Dopo l’intimazione alle truppe francesi di evacuare le basi in Niger entro 30 giorni il rischio che Macron ordini un blitz contro la giunta militare di Niamey resta concreto e mette in difficoltà anche la presenza del contingente italiano, ridimensionatosi in questi giorni a circa 250 militari dopo il rientro ieri di 65 uomini a bordo di un Boeing KC-767 dell’Aeronautica.  

La riduzione delle truppe ha l’obiettivo di aumentare gli spazi utilizzabili da civili che dovessero venire evacuati in emergenza nella base situata all’aeroporto di Niamey. Il ministero della Difesa ha fatto sapere per la prossima settimana sono stati già programmati ulteriori voli. 

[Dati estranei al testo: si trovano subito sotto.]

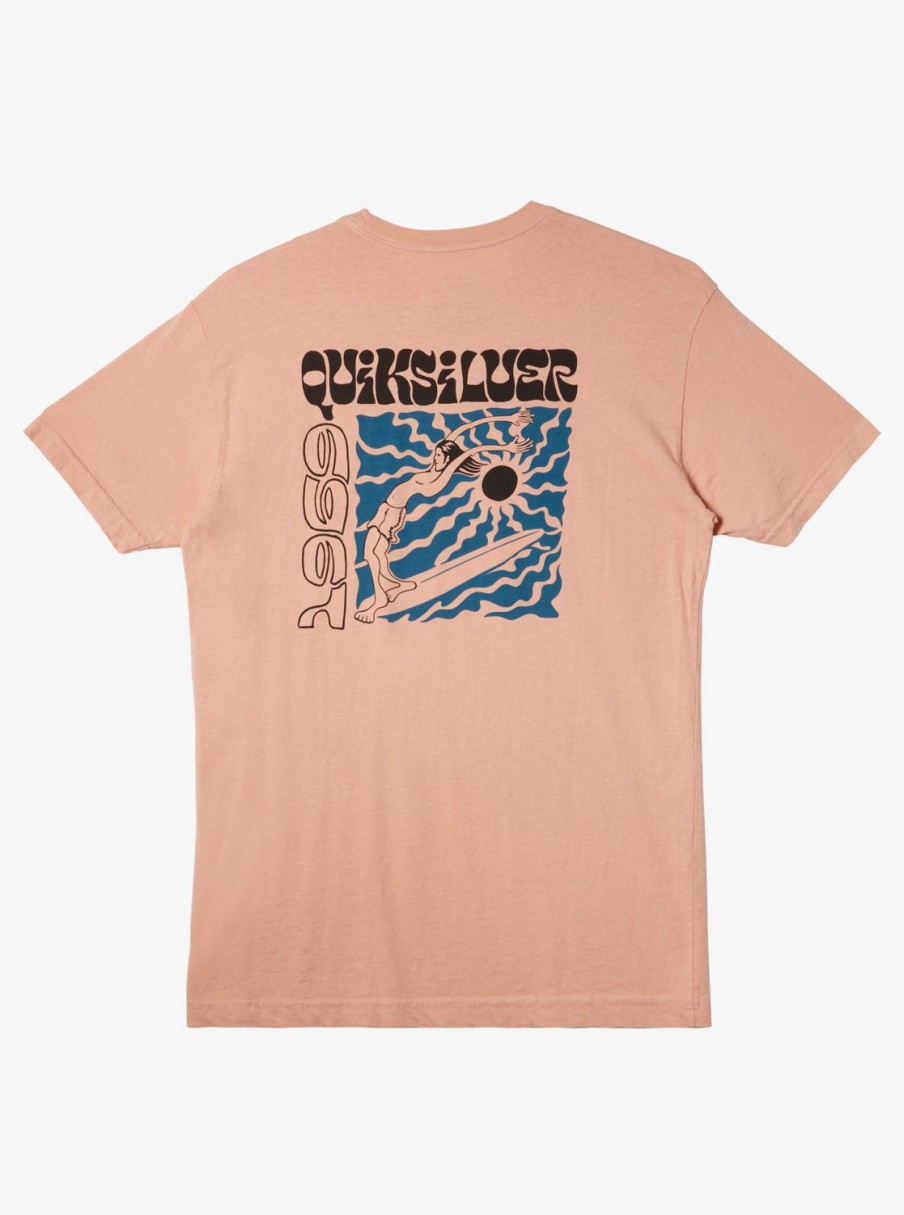 Mens Quiksilver Tees | Enjoy The Ride Mtz T-Shirt Dusty Pink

Il ministro degli Esteri Antonio Tajani si è espresso contro un’azione militare in Niger sostenendo la necessità di mantenere aperto il dialogo con i golpisti ma è probabile che un attacco francese (o franco-nigeriano) costringerebbe il contingente italiano all’evacuazione della Missione italiana bilaterale di supporto (MISIN) che dal 2018 ha addestrato 10mila militari e gendarmi nigerini nei centri di Niamey, Agadez e Arlit. 

Se non vi saranno attacchi militari, l’Italia potrà valutare se e come mantenere la presenza militare a Niamey (sempre che risulti gradita alla giunta golpista) anche dopo il ritiro dei francesi. Un’opportunità per potenziare il ruolo di Roma in una regione delicata ed esplosiva ma di rilevanza strategica tenendo anche conto che il Niger è interessato non solo dall’insurrezione jihadista ma anche da diversi traffici illeciti inclusi flussi di migranti illegali diretti verso le nostre coste.